I used a Skywatcher 130P-DS Newtonian scope which is optimised for imaging, with a matching coma corrector to give sharp round stars across the image. Attached to the scope is an electronic focuser, a filter wheel with eight filters and a cooled mono camera (to give lower noise on very long exposures). There is also a smaller guidescope and camera attached to and roughly aligned with the main scope. This is all mounted on a tracking mount, controlled by a computer that also controls the cameras, filter wheel and focuser. As well as taking photos the computer deals with pointing the mount in the right place. It uses the guidescope and camera to take short  (1s) exposures in which it tracks a star and uses this to correct the pointing of the scope in real time, typically with a precision around 1 arc-second.

The larger, cooled, camera is used to take multiple long exposures (typically several minutes, but many factors affect the optimum length, in this case it was mostly two minutes but could usefully have been two or four times as long).

Last year I collected a good set of data using a Hydrogen-alpha (Ha) filter which is a deep red light from ionised hydrogen and usually the strongest signal from nebulas like this. My filter has a 7nm bandwidth, so it suppresses pollution and reduces broadband light sources like stars.

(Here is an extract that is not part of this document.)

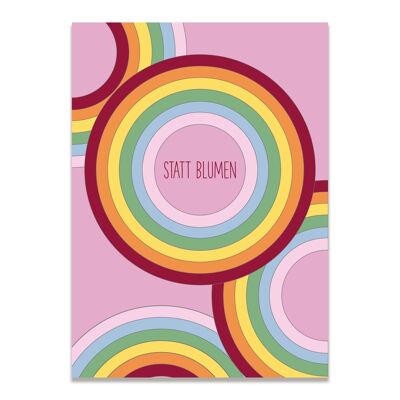 Postcard rainbow "instead of flowers" pink - 300g recycled cardboard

A few nights ago I repeated this with oxygen (Oiii) (a blue-green light) and sulphur (Sii) (an even deeper red) filters.

The images from each layer (typically 20-30) are stacked automatically along with special frames to reduce 'dark noise' and distortions like vignetting (flat frames). As is typical all  three layers needed to be 'stretched' (using curves, histogram etc.) to bring out faint details, denoised and given some contrast enhancement or sharpening. Some processes remove the stars then add them back in afterwards to highlight the nebula, but I tend not to use these often.

The Sii signal was very week, and needed a particularly strong stretch, I was surprised that it eventually revealed some quite delicate filamentary structure that sadly don't show strongly in the finished image.

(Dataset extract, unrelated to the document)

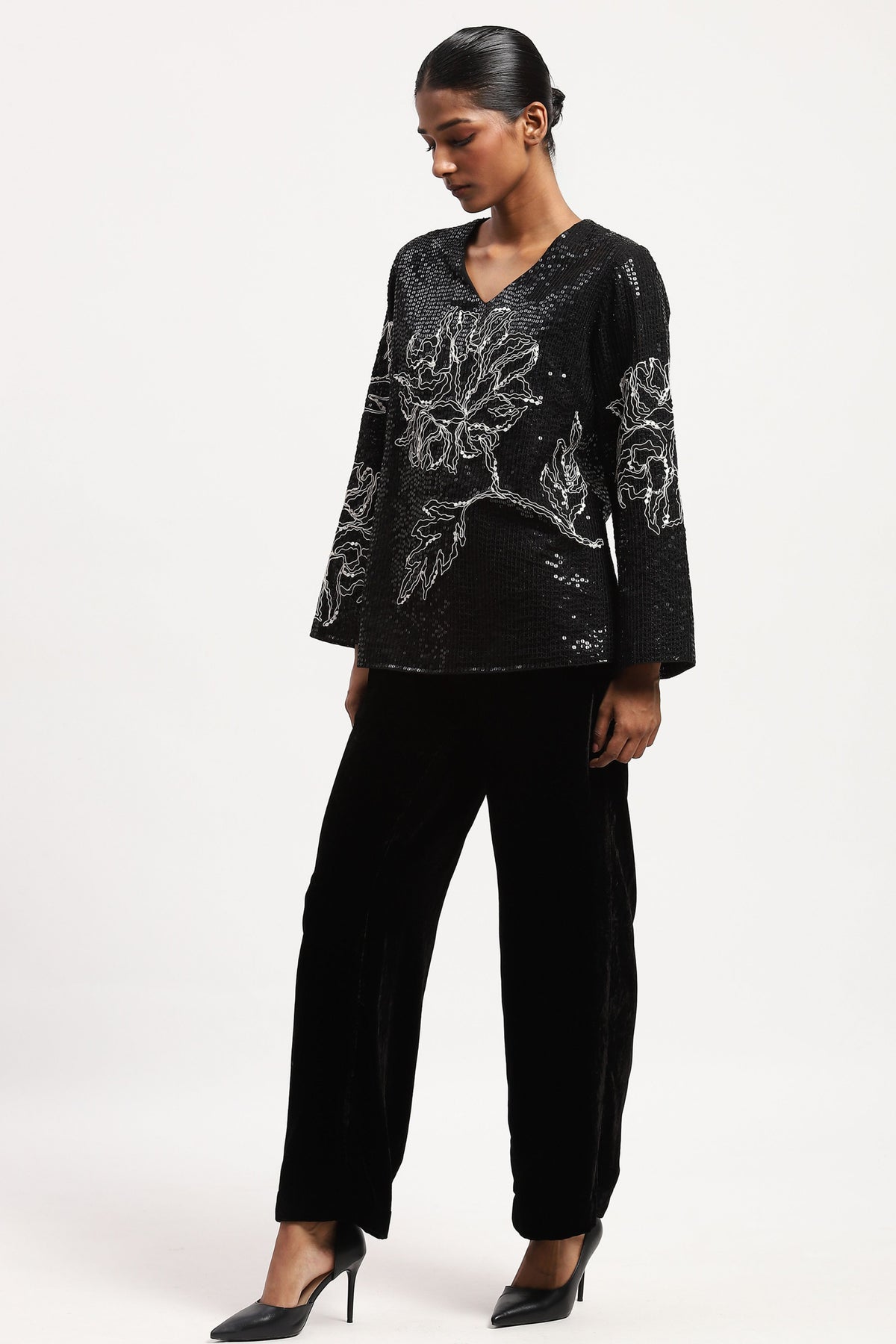 Sequin Floral Top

I combined these using the 'Hubble' palette which maps the three layers in wavelength order Sii to red, Ha to yellow and Oii to blue. This starts with Ha mapped to green, but after balancing the image selective colour is used to push the green to yellow. As 0iii is weaker than Ha it often looks very turquoise and is usually shifted to be more blue. The Sii signal gives the Ha signal a browner tinge and can be best seen as a patch to the right of the nebula where the is little Ha.

The actual colour shifts are rather arbitrary as there is no 'scientific' right or wrong for the colour balance. Unstretched images can be used for photometric measurements, but are pretty uninspiring to look at, so  just as when you process  an earthly image you might choose to alter the saturation for a more pleasing result. In this case the objective is to make the colours reflect the relative distributions of different gasses in the nebula.

I finally improved the smoothness of the image by using the Ha layer as luminance, which remove the noise from the oxygen and sulphur data, but I'm hoping to get more data soon.